By reappropriating figures from Jet, Thomas reminds the viewer of the expectations historically assigned to women and subsequently asserts the dominance of the depicted figure by blowing them up to a massive scale and adorning them with a frenzy of textures and materials.



The photographic pieces of the figure’s body are enough to make us recognize them as a real person while the painted and embellished fragments that make up the rest of the composition do the contradictory work of pulling the viewer back out of this space and into one of Thomas’s own material creations. This takes place in the form of patches of white and lavender acrylic paint built up into a rich texture that almost mimics icing, and painted green cross-hatching that looks as if it has been sealed with varnish or resin to achieve its shiny finish. Through a mixture of photographic elements, painted planes of color and texture, technicolor rhinestone contour lines, and carefully placed digital interventions, Thomas exempts the figure from its original, male-dominated setting, and gives it new life within a context that resists both time and place.

As the title of the exhibition in which June 1977 was first shown suggests, “Beyond the Pleasure Principle,” Thomas’ work places the central figure within a dreamscape of her own creation that goes beyond the carnal pleasure that the source photograph was meant to produce in its original viewer.  The various materials used by Thomas can also be understood as tools for elevating the female subject beyond its original male-dominated context, giving further agency to the subject’s gaze upon the viewer.

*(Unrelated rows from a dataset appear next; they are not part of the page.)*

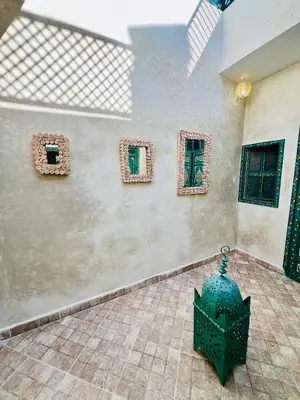 a room with four windows and a green object on a wall at Maison Cascada 2 in Marrakech
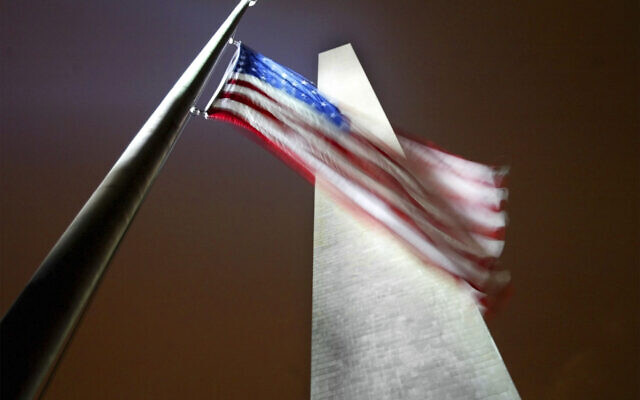 Un drapeau américain, le long du Washington Monument, flotte à mi-hauteur en mémoire des victimes du crash de la navette Columbia, à Washington, le 1er février 2003. (Crédit : Pablo Martinez Monsivais/AP)
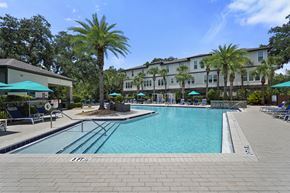 Tampa apartment for rent - A large swimming pool surrounded by a brick patio and palm trees.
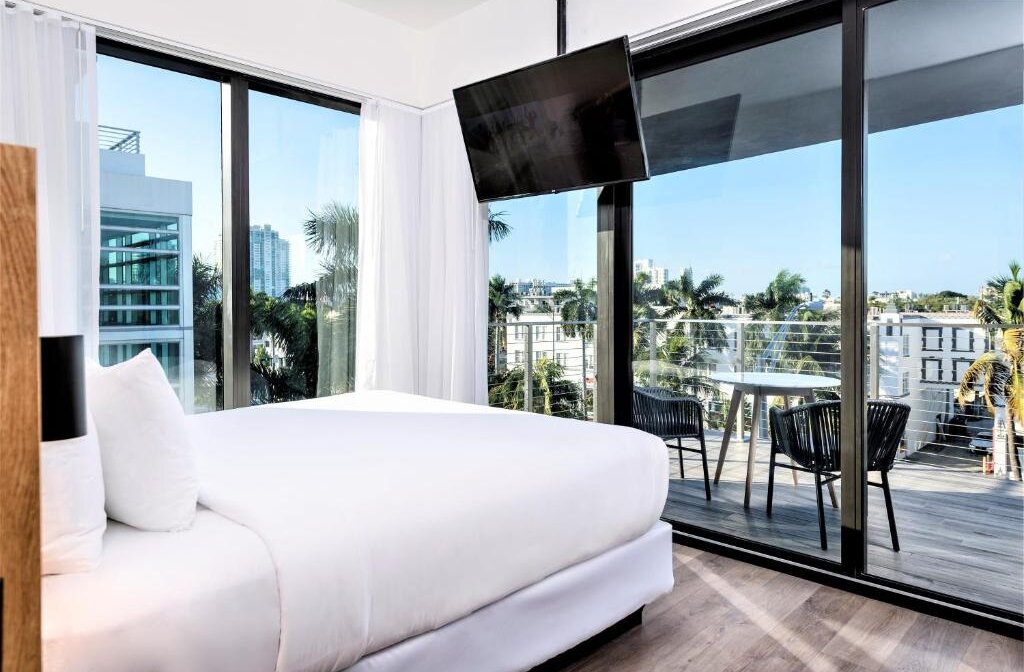 Modern hotel bedroom with a plush white bed, large windows opening to a balcony with city and palm tree views, and a wall-mounted TV.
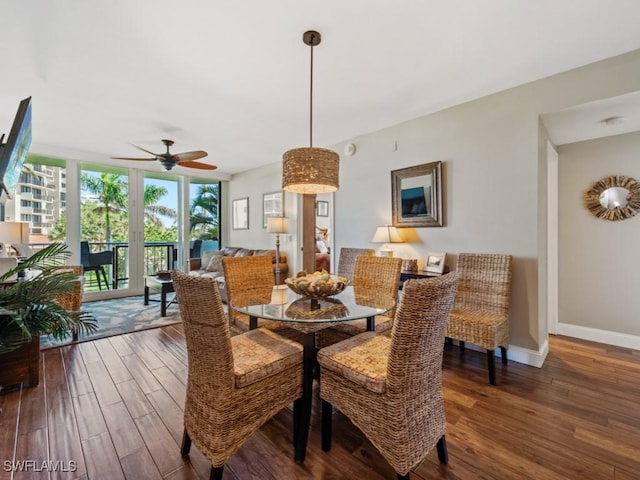 140 Seaview Ct Unit 206N, Marco Island, FL 34145 - dining room featuring wood finished floors, baseboards, expansive windows, and a ceiling fan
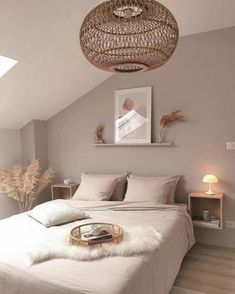 a white bed sitting under a light fixture in a bedroom next to a lamp shade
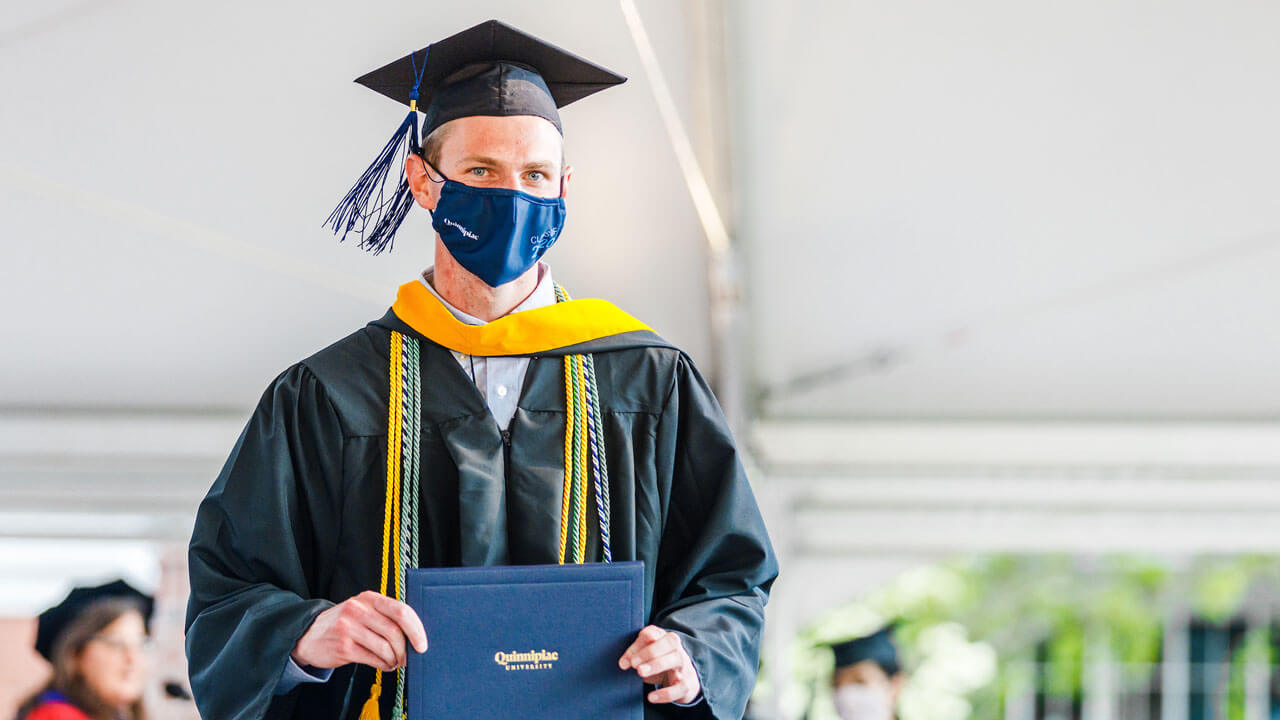 Graduate walking across stage with diploma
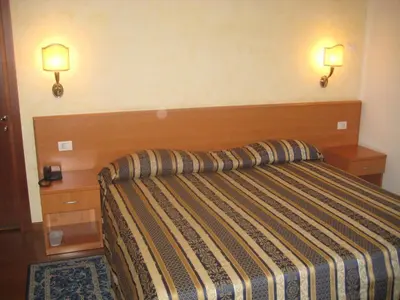 Letto o letti in una camera di Hotel Ristorante Dotto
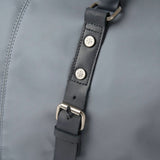 Close-up of a gray leather strap with metal buckles on a gray background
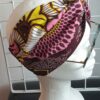 15.3Bandeau en tissu Wax sur une décoration évoquant des ombres alignées sur un fond tricolor. Dimension : 38cm sur 41cm. Confectionné par Anjero Création.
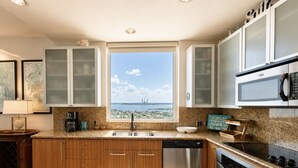 A kitchen with wooden cabinets, a stainless steel dishwasher, a built-in oven, and a large window with a cityscape view.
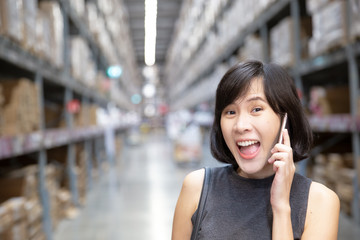 A female hand holding mobile phone in the cargo warehouse.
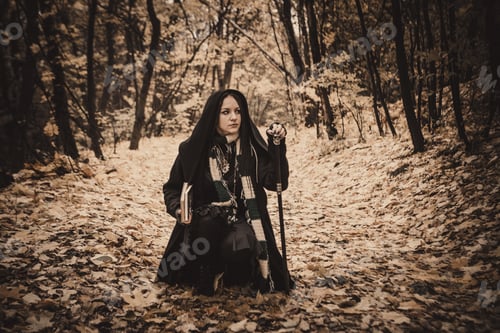 Preview: Charming Lady With Dreadlocks Wearing Black Mantle With Books Standing By The Old Tree In The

The sexualized image implicates histories of objectified women in media, while Thomas’s material interventions activate the Black female gaze of the subject. Through these material strategies, Thomas removes the female form from its original “object status,” and presents a figure that is defiant and confident as opposed to belittled and objectified.



References:

Flourney, Angela. “Mickalene Thomas is Reinventing Nudes.” The New York Times Magazine,

Oct. 13, 2021. https://www.nytimes.com/2021/10/13/magazine/mickalene-thomas.html

Murray, Derek Conrad. “Mickalene Thomas: Afro Kitsch and the Queering of Blackness.”

American Art 28, no. 1 (2014): 9-15.

Rudolph, Ellen. Pattern ID. Akron, Ohio: Akron Art Museum, 2010.

Schlabach, Elizabeth Schroeder. “‘Choice Seatmate’ or Judith Stewart, Jet’s September 7, 1955

Beauty of the Week: Sexuality, Modern Black Beauty Discourse, and the Reach for Civil

Rights.”  Southern Studies: An Interdisciplinary Journal of the South 24, no. 1 (2017): 76-94.

Skelly, Julia. Radical Decadence: Excess in Contemporary Feminist Textiles and Craft. London:

Bloomsburg Academic, 2017. https://www.bloomsburydesignlibrary.com/encyclopedia?docid=b-9781474284981

Smith, Sarah Stefana. 2018. “Surface Play: Rewriting Black Interiorities through Camouflage

and Abstraction in Mickalene Thomas’s Oeuvre.” Women & Performance 28, no. 1 (2018): 46–64.


Thomas, Mickalene. “Mickalene Thomas,” interview by Sean Landers, BOMB, no. 116, July 2011: 30-38.